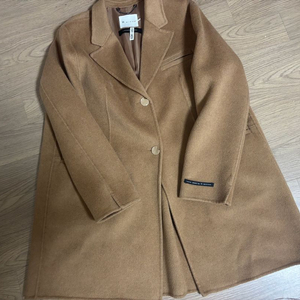 새상품급 잇미샤 핸드메이드 코트 에이라인 카멜베이지 프리사이즈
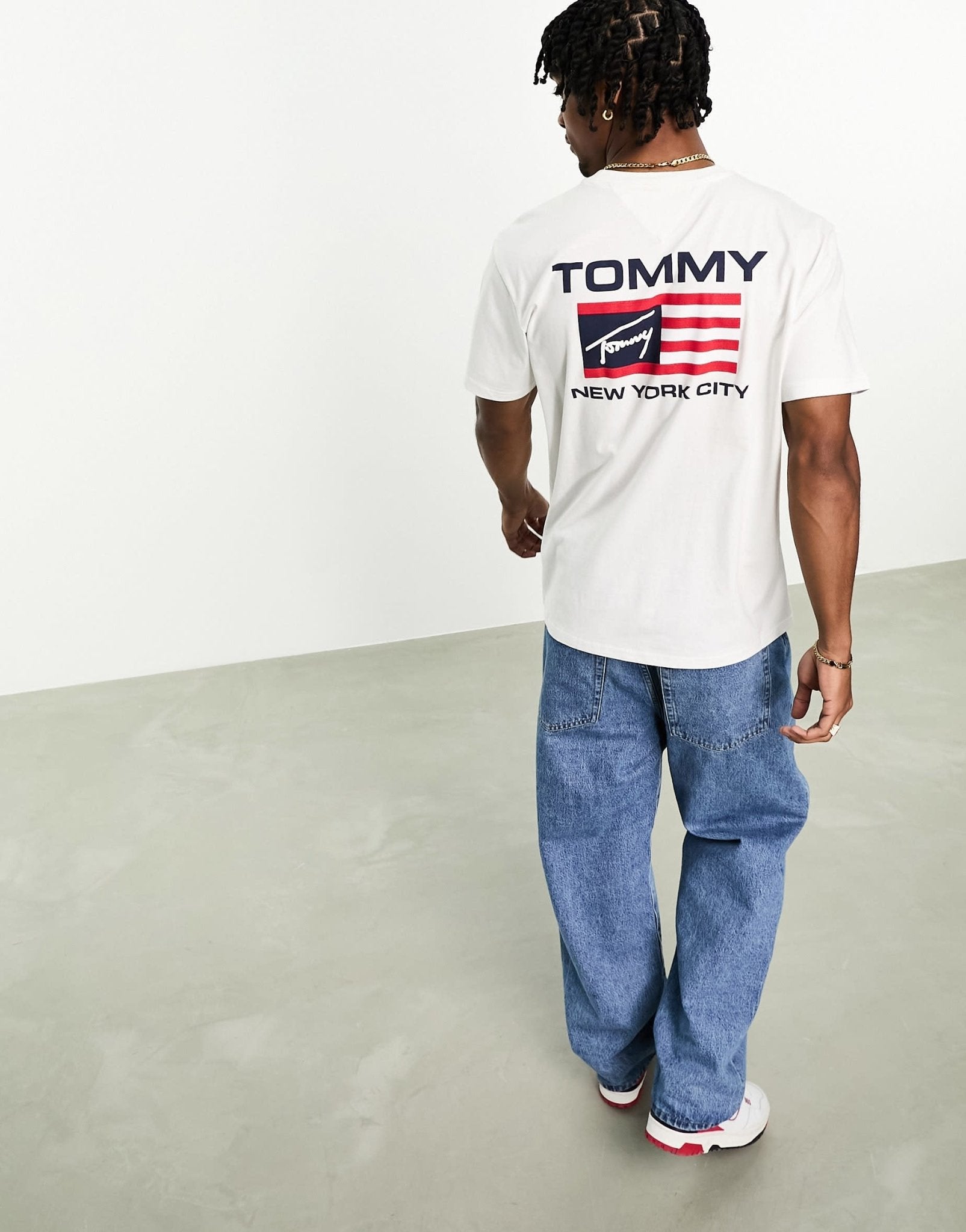 Tommy Jeans classic athletic flag t-shirt in white - ASOS Sample Sale EU Store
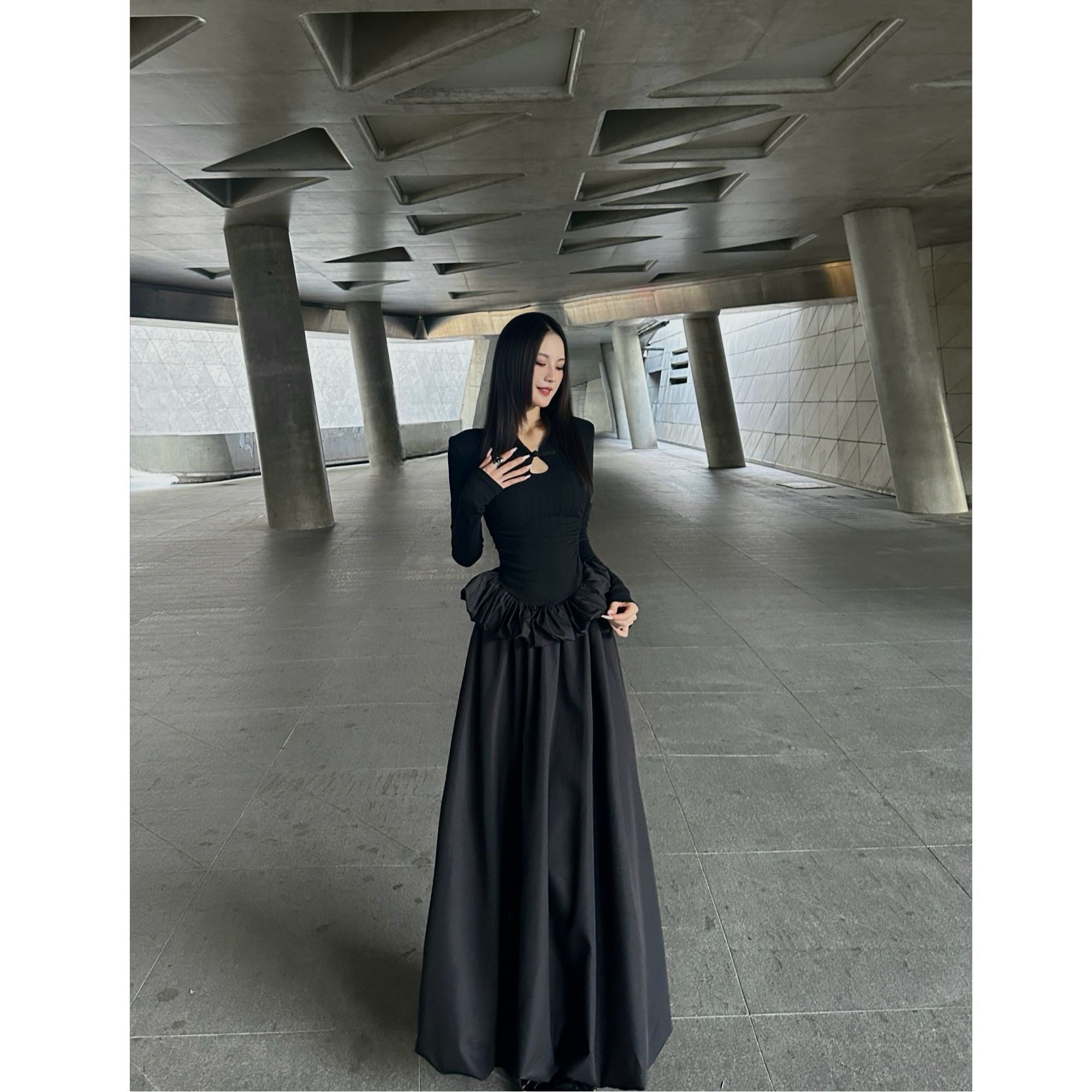 BETTER ME 极简新中式长袖盘扣黑色长款蓬蓬裙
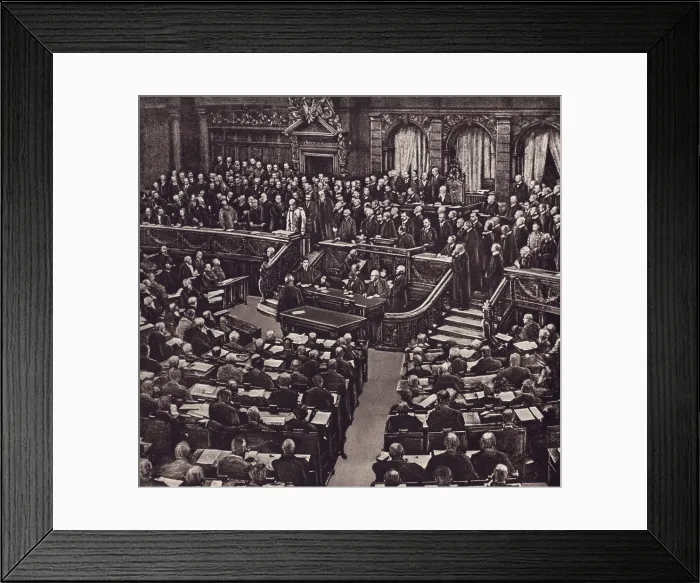 Framed Print : World War 1. German Chancellor, von Bethmann Hollweg, addressing the Reichstag during the crisis of July 1914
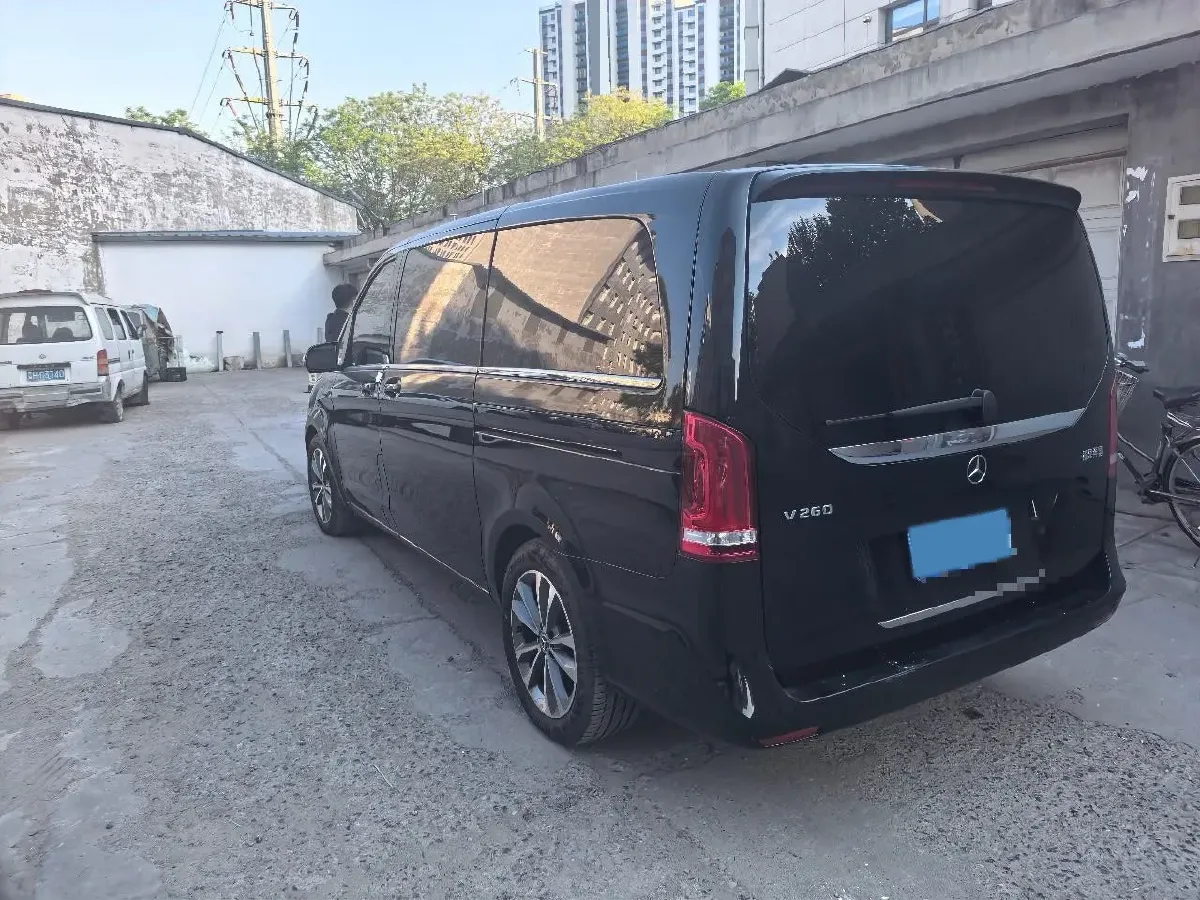 2021 Mercedes-Benz V Class 2.0T 211HP L4 9AT,autocango,china used car exporter,china ev exporter,chinese used car exporter,chinese used ev exporter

** Task to complete **
Quote each entry above verbatim and drop the pictures.

** Exercise output **
 새상품급 잇미샤 핸드메이드 코트 에이라인 카멜베이지 프리사이즈
 Tommy Jeans classic athletic flag t-shirt in white - ASOS Sample Sale EU Store
 BETTER ME 极简新中式长袖盘扣黑色长款蓬蓬裙
 Framed Print : World War 1. German Chancellor, von Bethmann Hollweg, addressing the Reichstag during the crisis of July 1914
 2021 Mercedes-Benz V Class 2.0T 211HP L4 9AT,autocango,china used car exporter,china ev exporter,chinese used car exporter,chinese used ev exporter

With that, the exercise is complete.